Publié le 30 juin 2010 par Labreche @labrecheblog
L'équipe de France de football, pour la seconde fois en quelques mois, agite le pays, son opinion, ses médias, ses gouvernants. Une défaite attendue, espérée, souhaitée

Football et politique : la France de la défaitePar deux fois le football a dernièrement envahi la presse et les débats politiques. La première fois, en novembre dernier, c'était pour un succès que l'on a décrit comme immérité, et pire, acquis à l'aide d'une " tricherie ", un contrôle de la main de Thierry Henry (suivi d'un centre habile et d'une tête de William Gallas, pour que l'action aboutisse à un but). Une faute caractérisée, donc, par ailleurs fort courante dans le football actuel - il y a quelques jours, le but de Luis Fabiano marqué grâce à un double contrôle de la main contre la Côte d'Ivoire n'a ainsi pas suscité la moindre réclamation de la part de Christine Lagarde ou de Christophe Dechavanne. Une faute qui par ailleurs ne change rien au simple fait que l'Irlande n'a jamais été en position de se qualifier sur les deux matches de barrage (menée 1-0 au terme du premier match en Irlande, égalisant à 1-1 au Stade de France, mais sans se créer la moindre occasion par la suite). On a déjà vu victoire plus imméritée, ou décisions arbitrales plus contestables, y compris lors de matches décisifs de la sélection française, sans une telle levée de boucliers1.

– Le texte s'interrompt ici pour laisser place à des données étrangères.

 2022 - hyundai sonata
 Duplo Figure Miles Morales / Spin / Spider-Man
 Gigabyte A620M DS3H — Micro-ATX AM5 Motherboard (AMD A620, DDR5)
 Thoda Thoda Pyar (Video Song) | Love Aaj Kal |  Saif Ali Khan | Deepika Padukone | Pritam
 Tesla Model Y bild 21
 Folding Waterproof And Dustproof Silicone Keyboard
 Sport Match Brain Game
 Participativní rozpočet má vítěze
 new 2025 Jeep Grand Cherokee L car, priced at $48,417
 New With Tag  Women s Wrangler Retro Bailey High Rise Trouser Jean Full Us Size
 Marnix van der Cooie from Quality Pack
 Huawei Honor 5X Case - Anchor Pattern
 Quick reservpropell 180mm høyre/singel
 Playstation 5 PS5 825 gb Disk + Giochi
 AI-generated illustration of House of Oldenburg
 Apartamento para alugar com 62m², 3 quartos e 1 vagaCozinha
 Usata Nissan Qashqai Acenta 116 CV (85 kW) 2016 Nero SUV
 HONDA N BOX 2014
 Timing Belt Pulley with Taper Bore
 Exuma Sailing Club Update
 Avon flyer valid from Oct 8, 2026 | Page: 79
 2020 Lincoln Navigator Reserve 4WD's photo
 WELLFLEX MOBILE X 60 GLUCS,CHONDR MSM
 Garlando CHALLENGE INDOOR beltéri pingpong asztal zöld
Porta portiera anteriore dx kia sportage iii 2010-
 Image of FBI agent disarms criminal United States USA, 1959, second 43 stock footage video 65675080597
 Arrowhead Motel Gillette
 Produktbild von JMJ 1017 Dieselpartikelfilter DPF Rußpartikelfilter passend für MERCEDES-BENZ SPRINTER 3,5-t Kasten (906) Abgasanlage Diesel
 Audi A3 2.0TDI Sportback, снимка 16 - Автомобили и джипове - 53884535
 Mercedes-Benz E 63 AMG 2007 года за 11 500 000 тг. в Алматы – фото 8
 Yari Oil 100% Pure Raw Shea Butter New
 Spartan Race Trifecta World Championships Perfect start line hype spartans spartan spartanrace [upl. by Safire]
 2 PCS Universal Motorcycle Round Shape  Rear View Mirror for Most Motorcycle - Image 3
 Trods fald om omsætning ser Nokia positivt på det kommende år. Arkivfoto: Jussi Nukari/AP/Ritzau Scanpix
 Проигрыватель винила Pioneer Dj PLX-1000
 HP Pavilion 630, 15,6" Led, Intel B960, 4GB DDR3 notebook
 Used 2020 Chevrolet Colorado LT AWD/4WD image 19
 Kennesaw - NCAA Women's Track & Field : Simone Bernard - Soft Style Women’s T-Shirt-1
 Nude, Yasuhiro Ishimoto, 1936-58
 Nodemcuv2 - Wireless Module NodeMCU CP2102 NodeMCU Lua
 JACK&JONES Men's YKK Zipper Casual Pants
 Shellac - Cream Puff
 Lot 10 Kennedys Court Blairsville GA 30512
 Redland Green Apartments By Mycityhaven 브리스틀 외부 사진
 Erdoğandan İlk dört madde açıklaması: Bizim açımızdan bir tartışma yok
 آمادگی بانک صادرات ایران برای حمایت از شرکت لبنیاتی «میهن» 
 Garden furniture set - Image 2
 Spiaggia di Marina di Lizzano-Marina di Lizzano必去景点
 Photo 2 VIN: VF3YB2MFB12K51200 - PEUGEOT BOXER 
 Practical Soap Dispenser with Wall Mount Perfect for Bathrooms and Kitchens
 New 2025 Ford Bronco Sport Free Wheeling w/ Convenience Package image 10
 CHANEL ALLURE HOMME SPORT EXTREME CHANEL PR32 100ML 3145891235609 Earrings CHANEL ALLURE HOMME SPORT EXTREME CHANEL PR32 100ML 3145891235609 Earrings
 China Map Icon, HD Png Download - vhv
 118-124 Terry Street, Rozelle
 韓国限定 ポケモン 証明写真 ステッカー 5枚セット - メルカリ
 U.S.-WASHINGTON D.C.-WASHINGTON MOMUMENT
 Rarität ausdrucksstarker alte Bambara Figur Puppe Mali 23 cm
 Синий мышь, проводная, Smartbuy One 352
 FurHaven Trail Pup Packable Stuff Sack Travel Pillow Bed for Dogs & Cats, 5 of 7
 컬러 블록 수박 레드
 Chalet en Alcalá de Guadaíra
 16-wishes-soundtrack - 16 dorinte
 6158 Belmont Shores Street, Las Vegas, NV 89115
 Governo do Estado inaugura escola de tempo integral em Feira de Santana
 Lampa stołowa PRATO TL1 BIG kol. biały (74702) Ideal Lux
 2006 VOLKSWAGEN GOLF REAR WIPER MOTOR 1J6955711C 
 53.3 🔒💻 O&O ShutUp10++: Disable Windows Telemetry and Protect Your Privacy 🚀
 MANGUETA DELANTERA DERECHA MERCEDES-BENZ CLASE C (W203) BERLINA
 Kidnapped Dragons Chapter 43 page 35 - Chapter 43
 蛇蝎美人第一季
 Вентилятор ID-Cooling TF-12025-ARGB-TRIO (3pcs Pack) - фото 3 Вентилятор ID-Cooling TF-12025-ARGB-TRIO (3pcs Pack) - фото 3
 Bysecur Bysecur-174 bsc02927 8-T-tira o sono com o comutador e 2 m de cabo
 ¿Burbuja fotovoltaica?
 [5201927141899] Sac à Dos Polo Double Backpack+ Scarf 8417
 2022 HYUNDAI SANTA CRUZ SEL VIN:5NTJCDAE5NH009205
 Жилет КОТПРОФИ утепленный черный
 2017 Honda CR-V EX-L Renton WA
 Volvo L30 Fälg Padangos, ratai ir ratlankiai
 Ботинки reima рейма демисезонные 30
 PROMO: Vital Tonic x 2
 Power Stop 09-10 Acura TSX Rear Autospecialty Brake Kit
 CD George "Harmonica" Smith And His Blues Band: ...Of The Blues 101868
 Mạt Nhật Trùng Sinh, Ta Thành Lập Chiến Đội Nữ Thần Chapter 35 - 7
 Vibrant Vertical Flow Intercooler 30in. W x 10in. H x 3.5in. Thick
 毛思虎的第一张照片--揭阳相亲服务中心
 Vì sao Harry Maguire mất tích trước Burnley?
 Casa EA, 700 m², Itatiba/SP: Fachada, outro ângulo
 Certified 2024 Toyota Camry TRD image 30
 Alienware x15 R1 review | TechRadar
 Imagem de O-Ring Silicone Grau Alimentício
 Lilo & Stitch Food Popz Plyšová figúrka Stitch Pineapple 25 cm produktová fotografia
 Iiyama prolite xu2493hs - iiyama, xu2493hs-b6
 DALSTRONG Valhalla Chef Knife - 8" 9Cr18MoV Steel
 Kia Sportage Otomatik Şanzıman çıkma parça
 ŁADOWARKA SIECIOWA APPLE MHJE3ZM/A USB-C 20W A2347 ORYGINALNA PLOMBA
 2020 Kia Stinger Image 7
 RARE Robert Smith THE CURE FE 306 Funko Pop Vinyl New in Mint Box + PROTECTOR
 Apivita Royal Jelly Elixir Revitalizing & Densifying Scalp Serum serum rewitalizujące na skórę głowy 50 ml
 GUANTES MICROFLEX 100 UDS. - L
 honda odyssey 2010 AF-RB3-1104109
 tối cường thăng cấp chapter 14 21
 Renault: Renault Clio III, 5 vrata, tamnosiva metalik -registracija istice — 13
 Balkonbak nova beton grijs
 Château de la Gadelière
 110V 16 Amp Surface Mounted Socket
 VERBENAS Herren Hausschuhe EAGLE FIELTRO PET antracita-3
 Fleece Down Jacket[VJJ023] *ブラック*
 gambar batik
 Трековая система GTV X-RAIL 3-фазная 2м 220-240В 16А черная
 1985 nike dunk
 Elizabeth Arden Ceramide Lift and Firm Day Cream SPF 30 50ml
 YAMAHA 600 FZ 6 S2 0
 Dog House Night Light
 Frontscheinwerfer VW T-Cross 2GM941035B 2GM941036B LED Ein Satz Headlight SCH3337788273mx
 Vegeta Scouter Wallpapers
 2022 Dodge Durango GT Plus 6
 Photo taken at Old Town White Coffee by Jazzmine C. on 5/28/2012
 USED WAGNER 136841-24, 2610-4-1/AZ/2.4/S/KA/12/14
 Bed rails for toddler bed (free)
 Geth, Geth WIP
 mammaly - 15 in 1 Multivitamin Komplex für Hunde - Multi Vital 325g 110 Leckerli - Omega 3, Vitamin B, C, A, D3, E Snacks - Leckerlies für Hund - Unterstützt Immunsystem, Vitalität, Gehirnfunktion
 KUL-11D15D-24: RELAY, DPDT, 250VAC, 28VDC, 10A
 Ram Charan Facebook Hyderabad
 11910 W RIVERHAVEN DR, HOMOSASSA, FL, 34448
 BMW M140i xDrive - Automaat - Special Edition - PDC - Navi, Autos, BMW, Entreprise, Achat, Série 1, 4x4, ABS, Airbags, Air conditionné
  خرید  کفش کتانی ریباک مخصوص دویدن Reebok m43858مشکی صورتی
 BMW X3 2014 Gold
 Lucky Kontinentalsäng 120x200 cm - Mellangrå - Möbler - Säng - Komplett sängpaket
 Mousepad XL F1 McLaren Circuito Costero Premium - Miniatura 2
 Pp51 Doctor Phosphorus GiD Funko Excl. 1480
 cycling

Cette fois, ce n'est plus pour une victoire, mais pour une défaite que l'équipe de France est visée. D'abord parce que cette défaite, a-t-on dit, est elle-même honteuse. Pourtant, elle n'aurait dû surprendre personne, surtout pas ceux-là même qui protestent aujourd'hui. Car ce sont pour la plupart ceux qui prédisaient une défaite au premier tour et, parfois, la souhaitaient ouvertement. À tel point que le défaitisme a paru à la mode ces dernières semaines. Un simple petit test, certes sans valeur scientifique, reflète cette ambiance qu'il ne faut plus décrire comme morose, mais bien comme hostile. Sur Google, la recherche " J'espère que l'équipe de France va perdre " livre près de 37 000 résultats. Soit les deux tiers du total de résultats de la recherche " J'espère que l'équipe de France va gagner " (56 000). Étonnant, sans conteste : on a tout de même rarement vu 40 % de la population d'un pays quel qu'il soit lui souhaiter une défaite, fût-elle sportive. Pire, avant le dernier match contre l'Afrique du sud, 75 % des personnes interrogées par France 2 souhaitaient la défaite de l'équipe de France. La défaite a été souhaitée de tous côtés, par le petit peuple (à travers un groupe Facebook), autant que par certains membres privilégiés de l'élite politique nationale, depuis Marine Le Pen jusqu'à Jacques Attali.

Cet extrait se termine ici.